> [MATERIAL FOR THIS TASK]
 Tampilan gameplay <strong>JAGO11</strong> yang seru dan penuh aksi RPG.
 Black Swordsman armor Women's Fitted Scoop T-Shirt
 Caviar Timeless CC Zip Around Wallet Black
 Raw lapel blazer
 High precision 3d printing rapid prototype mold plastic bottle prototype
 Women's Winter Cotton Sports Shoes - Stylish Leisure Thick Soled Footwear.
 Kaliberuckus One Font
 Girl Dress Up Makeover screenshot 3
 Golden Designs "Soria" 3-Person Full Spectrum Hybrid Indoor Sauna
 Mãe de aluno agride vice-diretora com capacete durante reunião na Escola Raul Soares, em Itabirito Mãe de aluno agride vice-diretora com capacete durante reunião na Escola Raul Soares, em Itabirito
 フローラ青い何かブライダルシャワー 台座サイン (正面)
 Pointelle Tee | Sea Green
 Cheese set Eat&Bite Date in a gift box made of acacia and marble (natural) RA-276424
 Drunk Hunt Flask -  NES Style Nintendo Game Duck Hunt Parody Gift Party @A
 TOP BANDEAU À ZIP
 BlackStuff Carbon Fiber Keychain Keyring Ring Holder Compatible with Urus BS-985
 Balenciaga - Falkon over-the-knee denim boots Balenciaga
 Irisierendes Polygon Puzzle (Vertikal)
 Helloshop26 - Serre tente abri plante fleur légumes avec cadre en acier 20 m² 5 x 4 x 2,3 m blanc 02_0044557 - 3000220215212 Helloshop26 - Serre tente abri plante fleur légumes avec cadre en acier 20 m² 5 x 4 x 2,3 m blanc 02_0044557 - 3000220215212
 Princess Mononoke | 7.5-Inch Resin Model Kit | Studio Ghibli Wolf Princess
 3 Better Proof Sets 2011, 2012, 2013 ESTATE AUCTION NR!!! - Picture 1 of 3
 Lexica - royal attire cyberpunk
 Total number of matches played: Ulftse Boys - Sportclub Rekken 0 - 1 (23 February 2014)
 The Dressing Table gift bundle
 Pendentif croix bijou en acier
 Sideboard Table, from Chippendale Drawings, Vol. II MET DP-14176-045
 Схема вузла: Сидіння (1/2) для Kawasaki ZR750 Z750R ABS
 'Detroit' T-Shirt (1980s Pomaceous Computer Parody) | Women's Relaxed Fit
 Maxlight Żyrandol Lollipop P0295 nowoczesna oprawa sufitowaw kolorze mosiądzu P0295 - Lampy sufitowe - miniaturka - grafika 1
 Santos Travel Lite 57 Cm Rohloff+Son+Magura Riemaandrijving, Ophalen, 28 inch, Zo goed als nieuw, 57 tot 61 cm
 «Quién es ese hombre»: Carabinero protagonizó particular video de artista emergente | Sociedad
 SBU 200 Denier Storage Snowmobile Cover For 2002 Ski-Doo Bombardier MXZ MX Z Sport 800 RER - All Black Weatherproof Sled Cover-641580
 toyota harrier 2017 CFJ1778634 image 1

> [PROBLEM STATEMENT] Going back over the entries above, copy word for word every line from the one that has "em Itabirito Mãe" on through the one that has "Total number of".

> [EXERCISE SOLUTION]
 Mãe de aluno agride vice-diretora com capacete durante reunião na Escola Raul Soares, em Itabirito Mãe de aluno agride vice-diretora com capacete durante reunião na Escola Raul Soares, em Itabirito
 フローラ青い何かブライダルシャワー 台座サイン (正面)
 Pointelle Tee | Sea Green
 Cheese set Eat&Bite Date in a gift box made of acacia and marble (natural) RA-276424
 Drunk Hunt Flask -  NES Style Nintendo Game Duck Hunt Parody Gift Party @A
 TOP BANDEAU À ZIP
 BlackStuff Carbon Fiber Keychain Keyring Ring Holder Compatible with Urus BS-985
 Balenciaga - Falkon over-the-knee denim boots Balenciaga
 Irisierendes Polygon Puzzle (Vertikal)
 Helloshop26 - Serre tente abri plante fleur légumes avec cadre en acier 20 m² 5 x 4 x 2,3 m blanc 02_0044557 - 3000220215212 Helloshop26 - Serre tente abri plante fleur légumes avec cadre en acier 20 m² 5 x 4 x 2,3 m blanc 02_0044557 - 3000220215212
 Princess Mononoke | 7.5-Inch Resin Model Kit | Studio Ghibli Wolf Princess
 3 Better Proof Sets 2011, 2012, 2013 ESTATE AUCTION NR!!! - Picture 1 of 3
 Lexica - royal attire cyberpunk
 Total number of matches played: Ulftse Boys - Sportclub Rekken 0 - 1 (23 February 2014)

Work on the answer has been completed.